SIMBAD references

Context. Deuterium fractionation is a valuable tool for understanding the chemical evolution during the process that leads to the formation of a Sun-like planetary system.
Aims. Methanol is thought to be mainly formed during the prestellar phase, and its deuterated form keeps a memory of the conditions at that epoch. The unique combination of high angular resolution and sensitivity provided by ALMA enables us to measure methanol deuteration in the planet formation region around a Class 0 protostar and to understand its origin.
Methods. We mapped both the ¹³CH₃OH and CH₂DOH distribution in the inner regions (∼100au) of the HH212 system in Orion B. To this end, we used ALMA Cycle 1 and Cycle 4 observations in Band 7 with angular resolution down to ∼0.15.

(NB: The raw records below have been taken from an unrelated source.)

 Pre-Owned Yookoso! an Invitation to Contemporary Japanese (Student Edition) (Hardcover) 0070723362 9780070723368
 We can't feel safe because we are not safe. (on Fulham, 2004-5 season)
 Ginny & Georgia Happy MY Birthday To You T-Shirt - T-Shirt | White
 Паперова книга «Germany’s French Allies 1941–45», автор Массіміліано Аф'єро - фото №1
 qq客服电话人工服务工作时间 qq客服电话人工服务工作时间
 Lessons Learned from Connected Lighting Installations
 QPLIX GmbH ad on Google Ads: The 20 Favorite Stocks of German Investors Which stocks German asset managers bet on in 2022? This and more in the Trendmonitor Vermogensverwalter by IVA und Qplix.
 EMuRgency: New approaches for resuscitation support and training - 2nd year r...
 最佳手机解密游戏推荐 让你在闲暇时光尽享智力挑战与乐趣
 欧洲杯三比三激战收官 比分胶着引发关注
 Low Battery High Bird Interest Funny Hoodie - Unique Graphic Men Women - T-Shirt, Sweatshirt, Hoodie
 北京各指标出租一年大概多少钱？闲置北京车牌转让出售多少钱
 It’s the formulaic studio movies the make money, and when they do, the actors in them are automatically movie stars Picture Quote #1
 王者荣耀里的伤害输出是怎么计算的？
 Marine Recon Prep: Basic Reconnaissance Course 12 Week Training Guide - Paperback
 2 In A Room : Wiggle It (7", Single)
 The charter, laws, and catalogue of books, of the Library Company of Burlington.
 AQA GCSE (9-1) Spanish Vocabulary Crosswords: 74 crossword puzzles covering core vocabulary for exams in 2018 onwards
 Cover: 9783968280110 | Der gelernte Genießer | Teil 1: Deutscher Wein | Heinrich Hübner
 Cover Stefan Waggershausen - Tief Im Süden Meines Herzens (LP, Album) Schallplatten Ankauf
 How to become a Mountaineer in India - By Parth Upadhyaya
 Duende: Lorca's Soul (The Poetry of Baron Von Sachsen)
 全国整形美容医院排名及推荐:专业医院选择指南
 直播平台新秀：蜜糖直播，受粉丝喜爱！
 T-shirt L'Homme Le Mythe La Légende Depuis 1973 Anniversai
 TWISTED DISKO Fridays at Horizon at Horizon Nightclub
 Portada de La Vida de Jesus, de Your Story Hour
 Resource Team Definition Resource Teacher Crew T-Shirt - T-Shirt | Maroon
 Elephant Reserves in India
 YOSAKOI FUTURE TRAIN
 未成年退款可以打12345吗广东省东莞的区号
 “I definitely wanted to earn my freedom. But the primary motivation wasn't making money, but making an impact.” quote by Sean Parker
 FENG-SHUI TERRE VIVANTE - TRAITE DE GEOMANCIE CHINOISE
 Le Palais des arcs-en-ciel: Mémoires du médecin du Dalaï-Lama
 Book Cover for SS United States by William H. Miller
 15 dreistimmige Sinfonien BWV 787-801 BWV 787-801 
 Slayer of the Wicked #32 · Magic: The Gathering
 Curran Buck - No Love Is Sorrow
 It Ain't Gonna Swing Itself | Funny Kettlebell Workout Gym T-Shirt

Results. We detected 6 lines of ¹³CH₃OH and 13 lines of CH₂DOH with upper level energies of up to 438K in temperature units. We derived a rotational temperature of (171±52)K and column densities of 7x10¹⁶cm^–2 (¹³CH₃OH) and 1x10¹⁷cm^–2 (CH₂DOH), respectively. This yields a D/H ratio of (2.4±0.4)x10^–2, which is lower by an order of magnitude than previously measured values using single-dish telescopes toward protostars located in Perseus. Our findings are consistent with the higher dust temperatures in Orion B with respect to the temperature derived for the Perseus cloud. The emission traces a rotating structure extending up to 45au from the jet axis, which is elongated by 90au along the jet axis. So far, the origin of the observed emission appears to be related with the accretion disc. Only higher spatial resolution measurements will be able to distinguish between different possible scenarios, however: disc wind, disc atmosphere, or accretion shocks.